- TASK REQUIREMENTS -
The output must match the entries below exactly, with pictures removed.

[Captioned web image data]

-- Opening Marker --

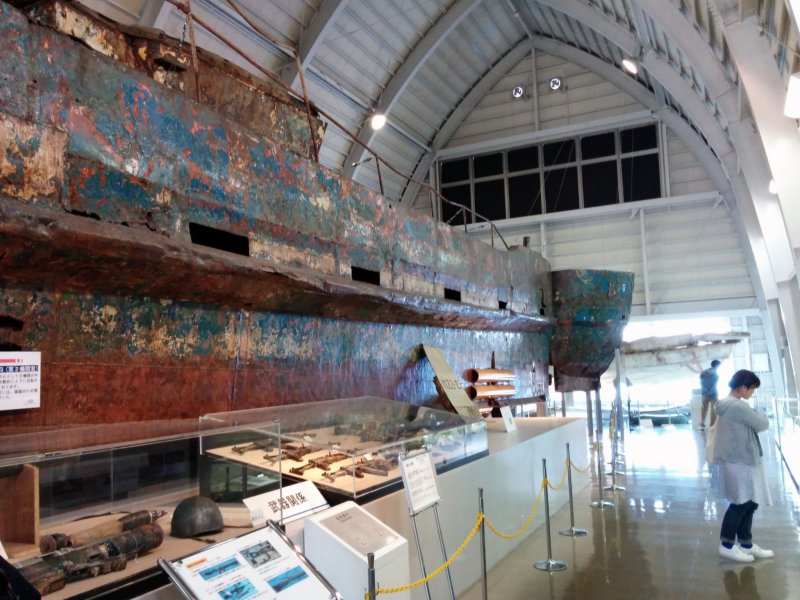 <p>This North Korean spy ship, which was recovered after being sunk by the Japanese coast guard, is proudly displayed at the center of the museum.&nbsp;</p>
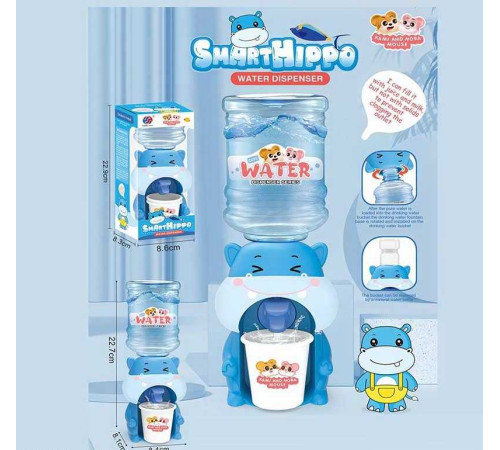 Кулер 2016-176 (128/2) механічна подача води, знімний бак для води, стаканчики, в коробці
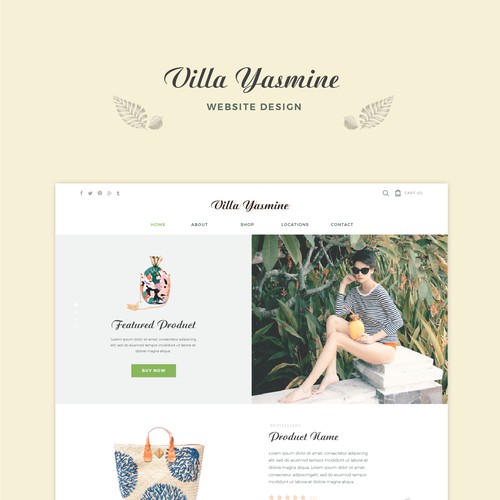 Villa Yasmine Web Design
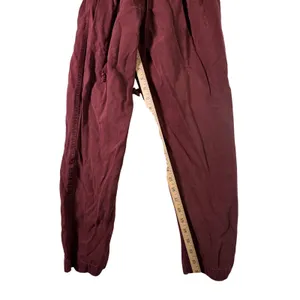 Free People Womens Paperbag Jogger Pants Burgundy‎ Drawstring Cotton XS Boho thumbnail 9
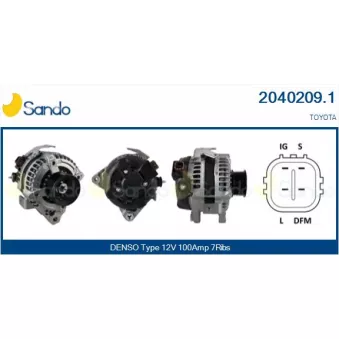 Alternateur SANDO 2040209.1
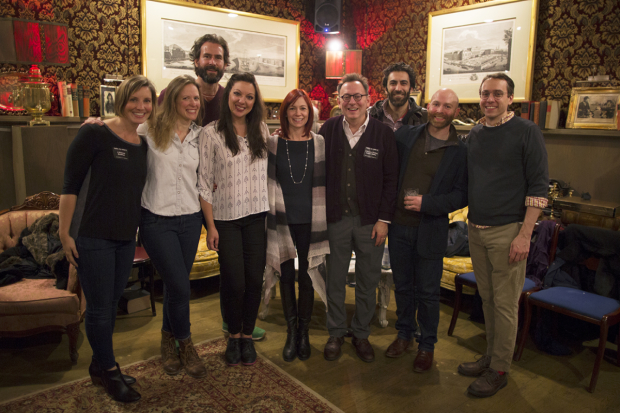 Carrie Preston and Michael Emerson (center) with the cast of Drunkle Vanya.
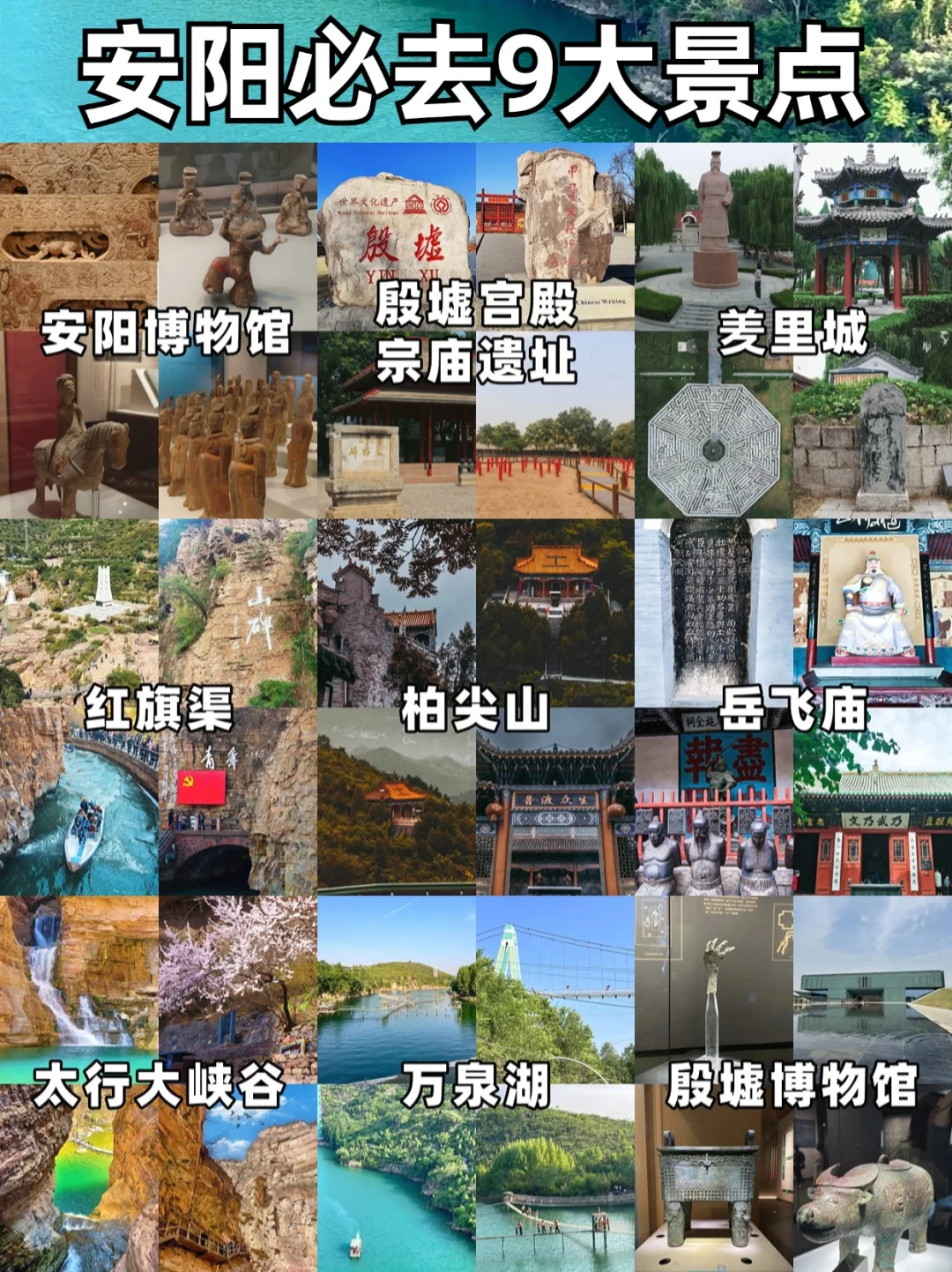 🎉安阳之旅:九大必游景点全攻略🎉👣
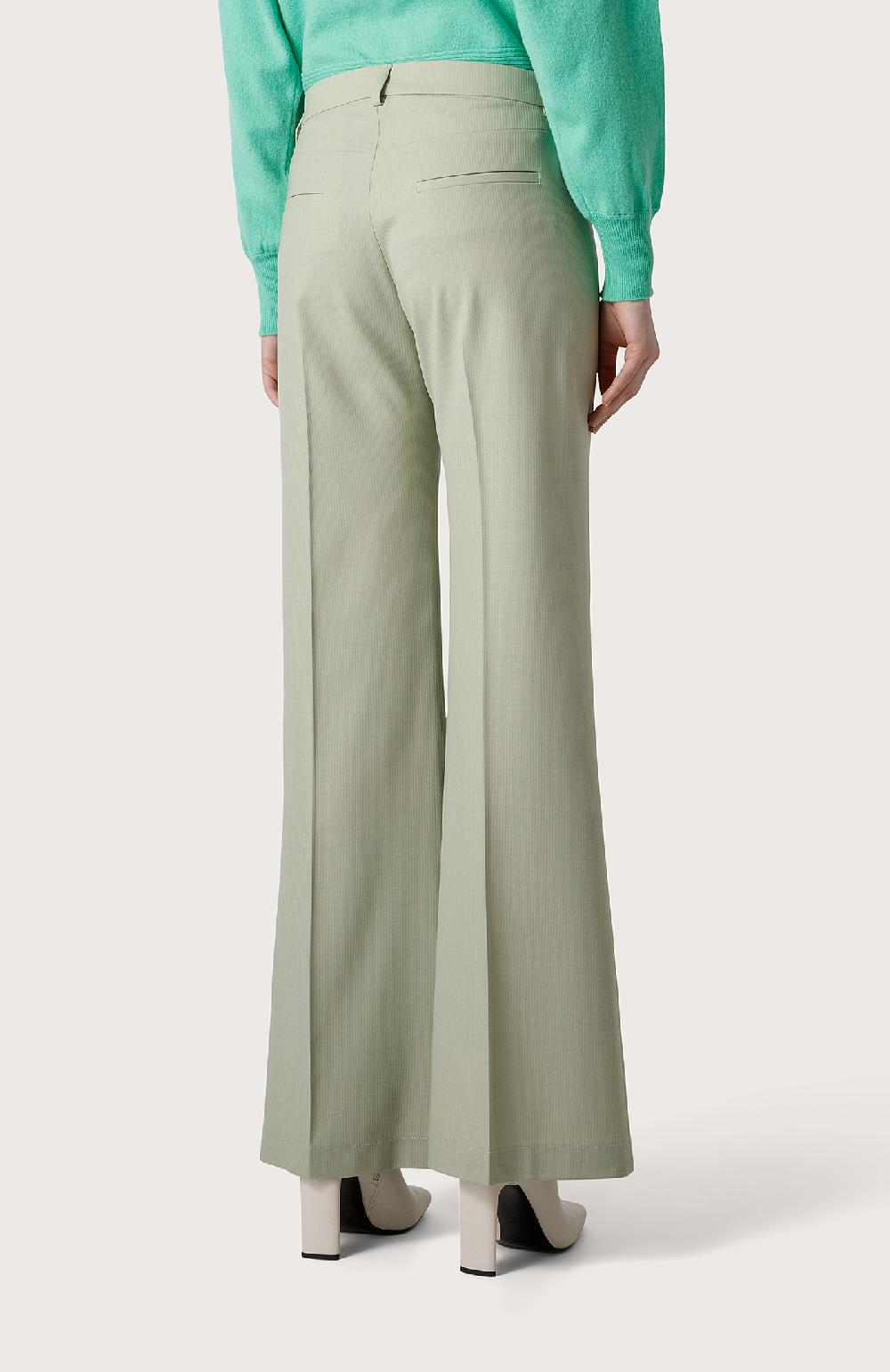 Seventy Pantalone A Vita Alta Stretch - Col. Verde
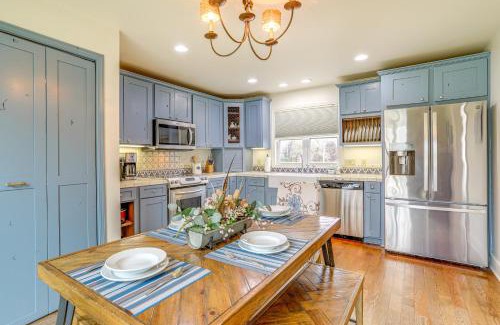 Mountain View House | Steps to White River Mountain View Home with Deck!
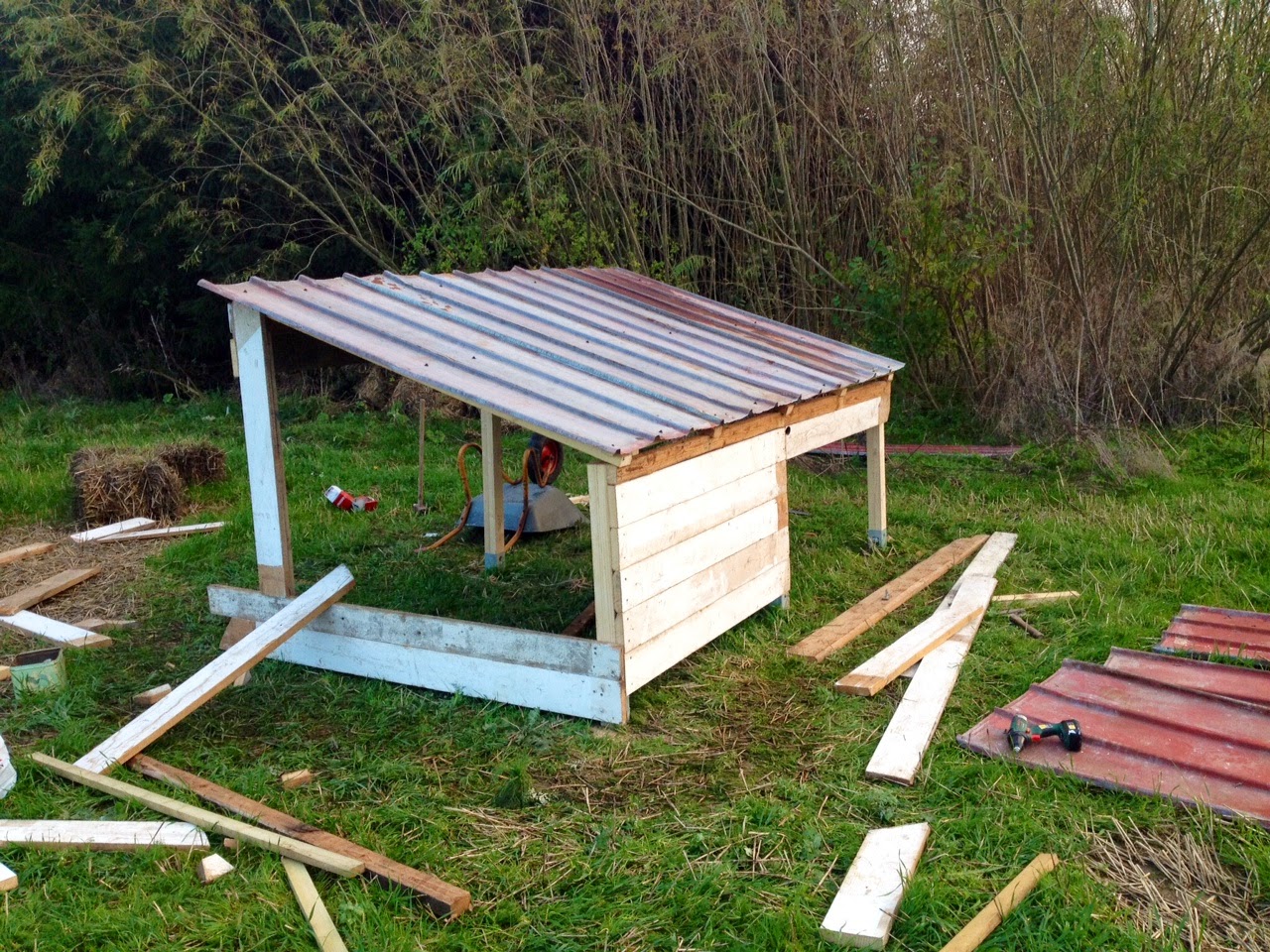 Chop Wood Carry Water Plant Seeds Building a sheep shed
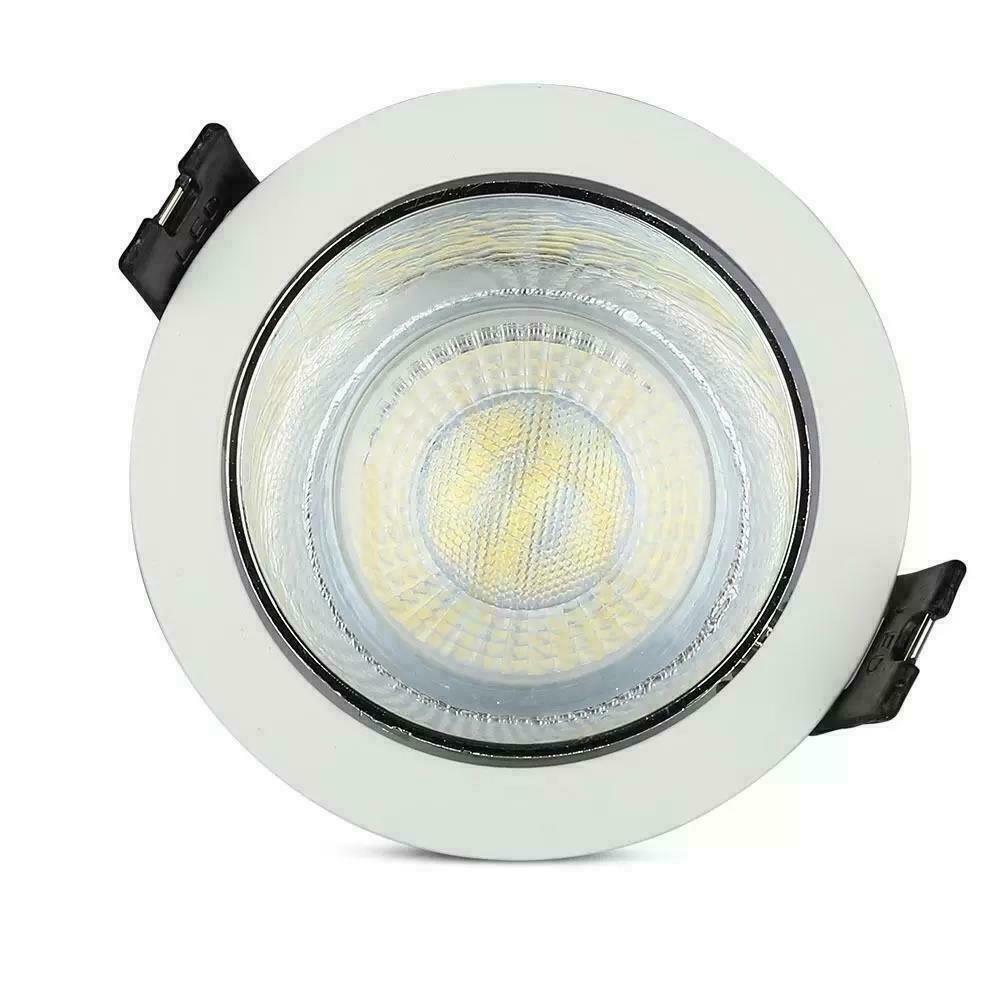 Náhled V-TAC GU10 Zapuštěné očko bílé/chromové kulaté VT-872-WC Záruka 3 roky V-TAC GU10 Zapuštěné očko bílé/chromové kulaté VT-872-WC Záruka 3 roky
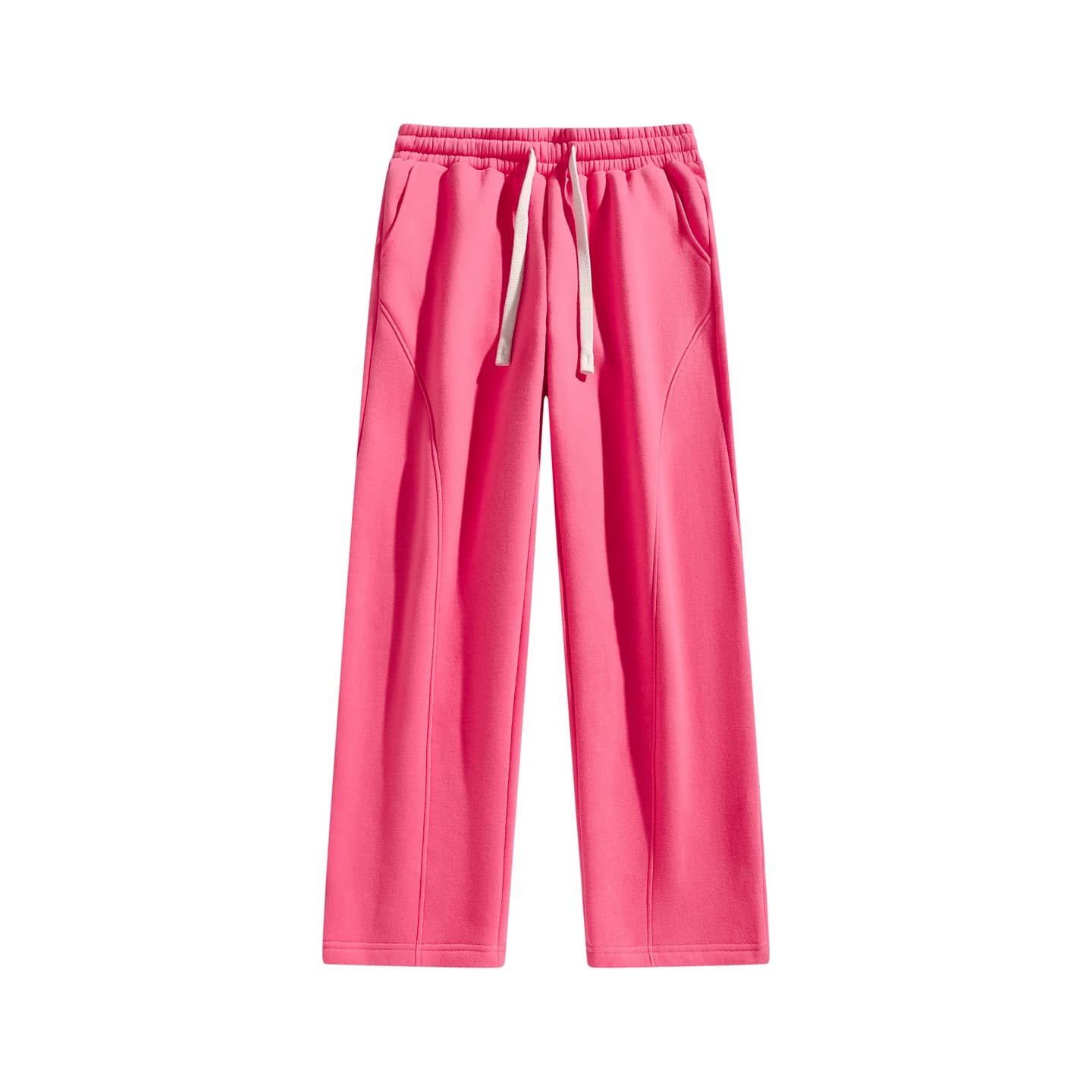 Everyday Straight-Leg Sweatpants in Hot Pink, front flat lay
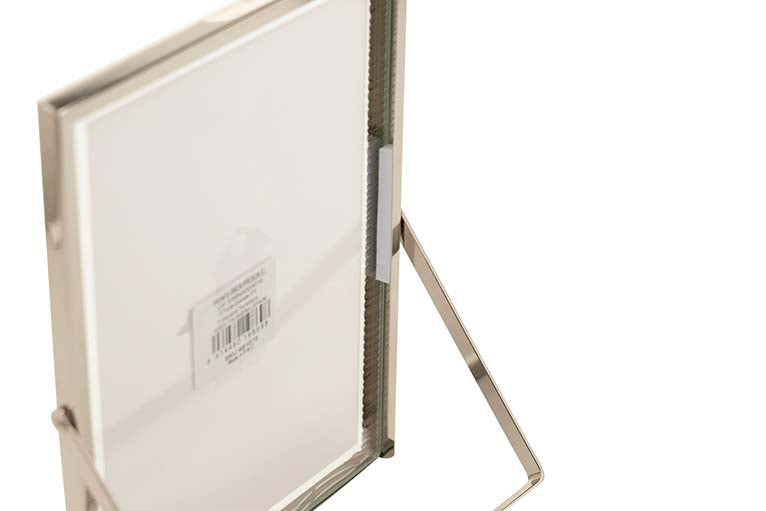 PORTAFOTOS METAL PLATEADO 15x20 CM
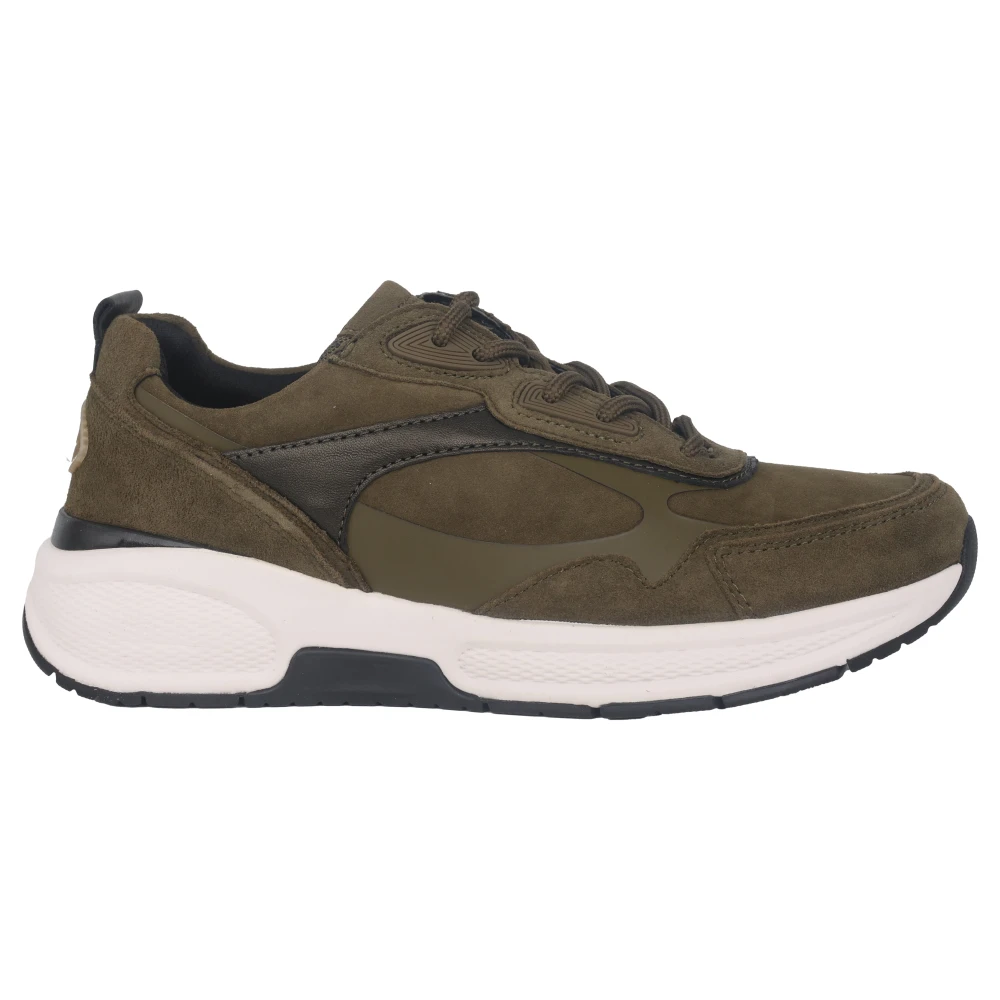 Gabor Rollende Sneaker Groene Damesschoenen Dames Schoenen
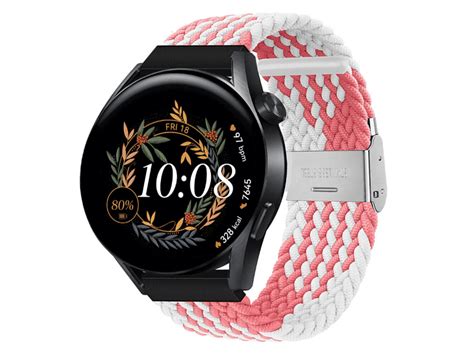 Caseonline Braided Sportarmband Huawei Watch Gt3 42mm Pink Weiß Mediamarkt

-- Closing Marker --

- WRITTEN SOLUTION -
 <p>This North Korean spy ship, which was recovered after being sunk by the Japanese coast guard, is proudly displayed at the center of the museum.&nbsp;</p>
 Кулер 2016-176 (128/2) механічна подача води, знімний бак для води, стаканчики, в коробці
 Villa Yasmine Web Design
 Free People Womens Paperbag Jogger Pants Burgundy‎ Drawstring Cotton XS Boho thumbnail 9
 Alternateur SANDO 2040209.1
 Carrie Preston and Michael Emerson (center) with the cast of Drunkle Vanya.
 🎉安阳之旅:九大必游景点全攻略🎉👣
 Seventy Pantalone A Vita Alta Stretch - Col. Verde
 Mountain View House | Steps to White River Mountain View Home with Deck!
 Chop Wood Carry Water Plant Seeds Building a sheep shed
 Náhled V-TAC GU10 Zapuštěné očko bílé/chromové kulaté VT-872-WC Záruka 3 roky V-TAC GU10 Zapuštěné očko bílé/chromové kulaté VT-872-WC Záruka 3 roky
 Everyday Straight-Leg Sweatpants in Hot Pink, front flat lay
 PORTAFOTOS METAL PLATEADO 15x20 CM
 Gabor Rollende Sneaker Groene Damesschoenen Dames Schoenen
 Caseonline Braided Sportarmband Huawei Watch Gt3 42mm Pink Weiß Mediamarkt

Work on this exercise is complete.